__TASK REQUIREMENTS__
Before printing, remove every picture; then print the lines below exactly, from the first line through the line containing "This is Mike".

[Stored data]
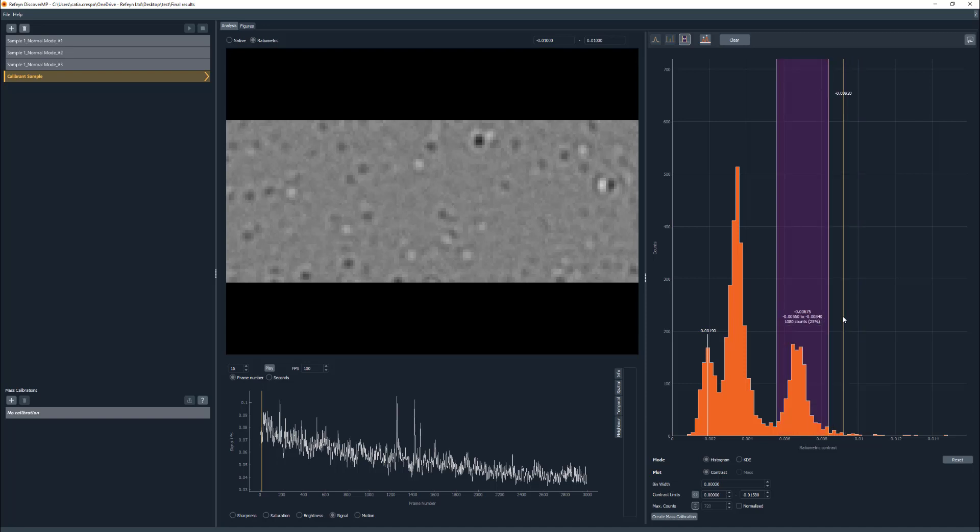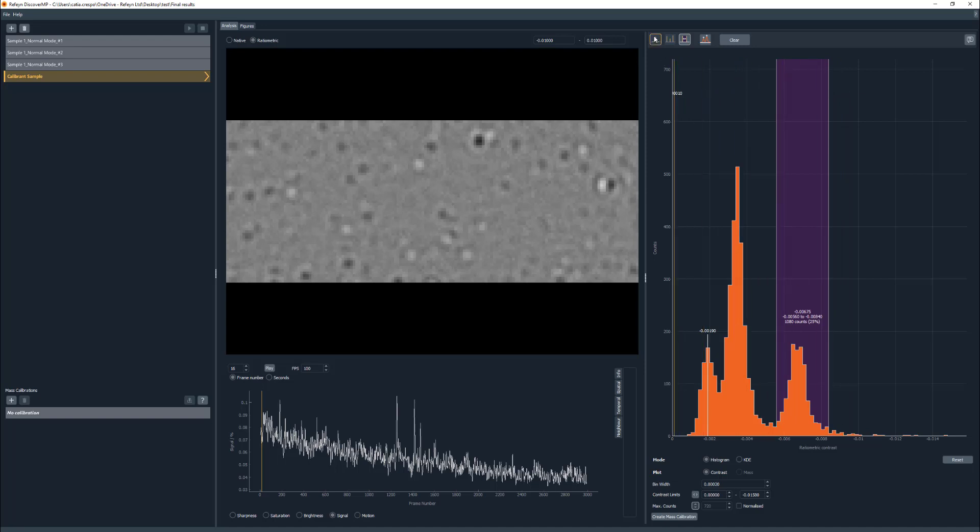As you can see, the region of interest is highlighted in purple, and the label has appeared with three pieces of information: the center point for the region selected, the interval for the region that was made, and the total number of counts. The number of counts has a percentage of the counts currently visible in the histogram.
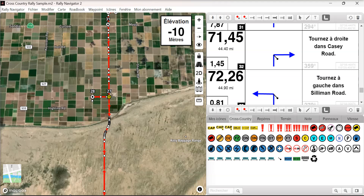This is Mike and this video is showing everything that is new and improved in our new version 2.3.2.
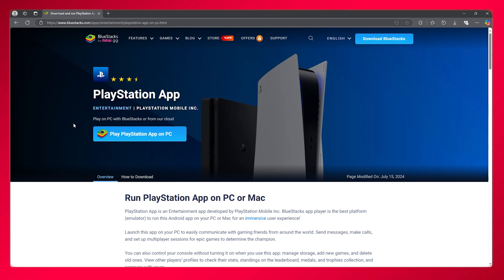To download this on your PC, you are going to need to download an external software that you're all pretty accustomed with. It's called BlueStacks. BlueStacks is an application that allows you to go ahead and download any mobile applications on your PC and actually use them.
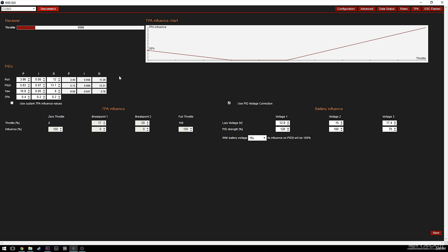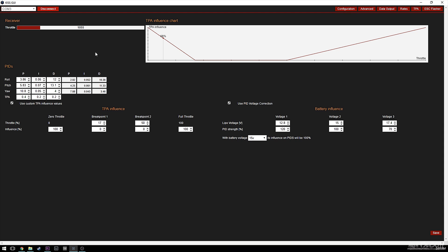At zero throttle I'm getting 68% reduction, whereas without custom TPA you'd get the full 30%. This means that if you weren't using an idle up before, you'd need to use custom TPA and bump the zero throttle number up until your idle up position reads 30%, to match the same PID values as before. With my setup, I couldn't raise P values because at zero throttle with only about 26% reduction, it wasn't enough to eliminate bounce-back and oscillations on flips and rolls, so I had to keep lowering P — which meant losing feel in the mid and upper throttle ranges.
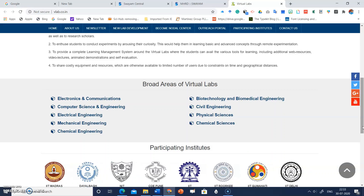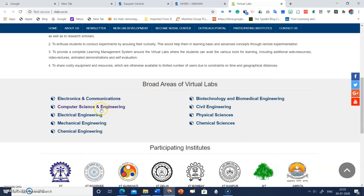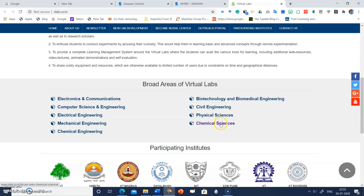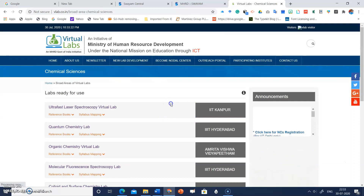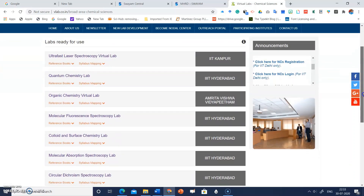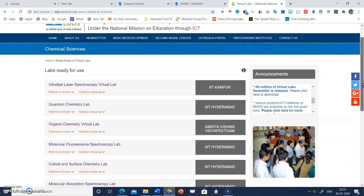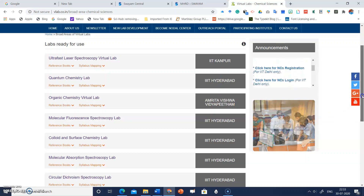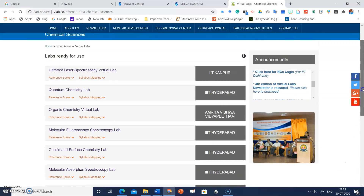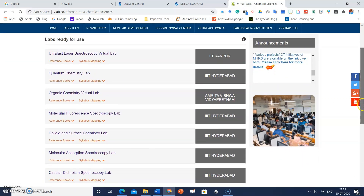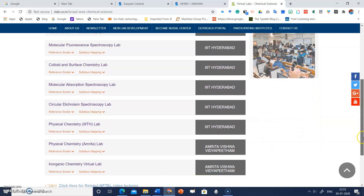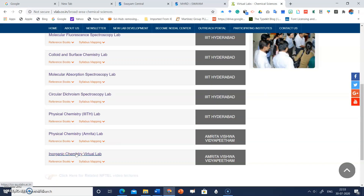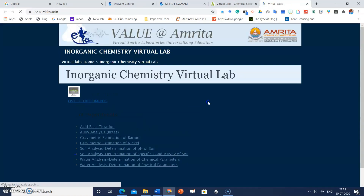The lab allows students to select from hundreds of standard reagents and manipulate them in a manner resembling a real lab. There are many options for virtual labs in different subjects. We are mainly concerned with chemistry, so click on 'Chemical Sciences.' These different types of virtual labs will appear, contributed by institutions like IIT Kanpur and IIT Hyderabad.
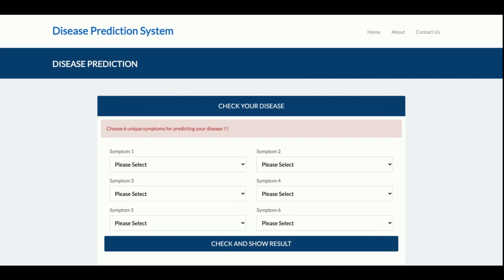These are all the functionalities in this mini project, which has a smaller number of features. If you need a major project, we have a major version of this Disease Prediction System with login and many more functionalities. If you need more functionality, just put it in the comments and I will incorporate the changes. Don't forget to subscribe to our channel for the latest project videos. Thanks for watching!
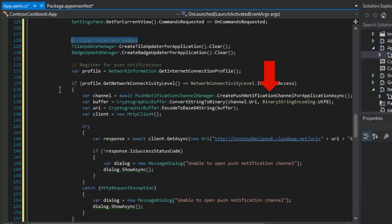In lines 138 and 139, we're encoding the URI so that it can be sent correctly with text characters that are appropriate for query strings. That's all that's doing there.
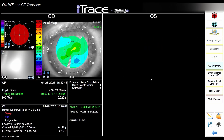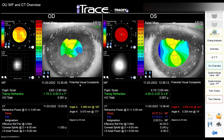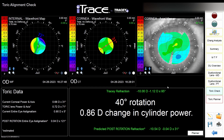This machine is aimed mostly at refractive surgery, so you have all the information: angle alpha, angle kappa, and white-to-white. There is also a simulation for rotation of a toric lens that's already implanted, showing whether it makes sense to rotate the lens or not.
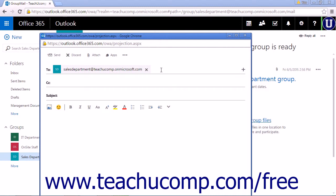The entire history of group conversations is preserved until manually deleted. This is helpful if a new member joins the group, as they will have access to all prior conversations and can easily catch up.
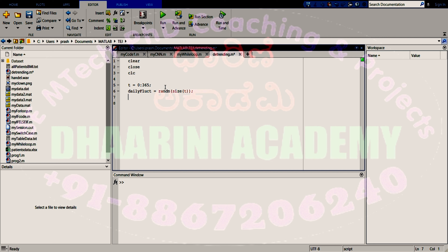Now I create the data. My data is a cumulative sum using cumsum. The variable is the daily fluctuation, and I make it more realistic by adding something like plus 0.2 plus T divided by 50 — a random number. You can write anything here; it does not matter. The key point is that whenever you are considering fluctuating data which has a trend — trend being something like increasing or decreasing — the function will have a larger mean.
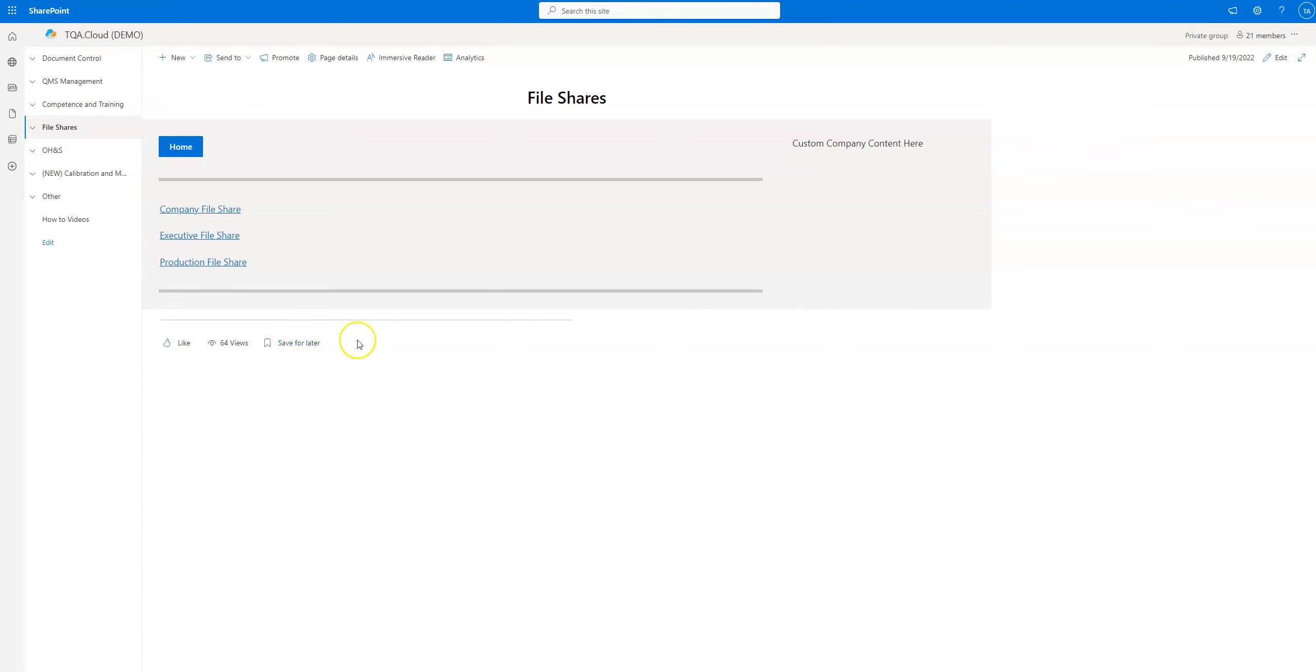Hello everyone, Caleb here with Texas Quality Assurance. This video is going to be about the file shares. By default, we have three file shares in Texas Quality Assurance: company file share, executive file share, and production file share.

__ANSWER TO THE PROBLEM__
As you can see, the region of interest is highlighted in purple, and the label has appeared with three pieces of information: the center point for the region selected, the interval for the region that was made, and the total number of counts. The number of counts has a percentage of the counts currently visible in the histogram.
This is Mike and this video is showing everything that is new and improved in our new version 2.3.2.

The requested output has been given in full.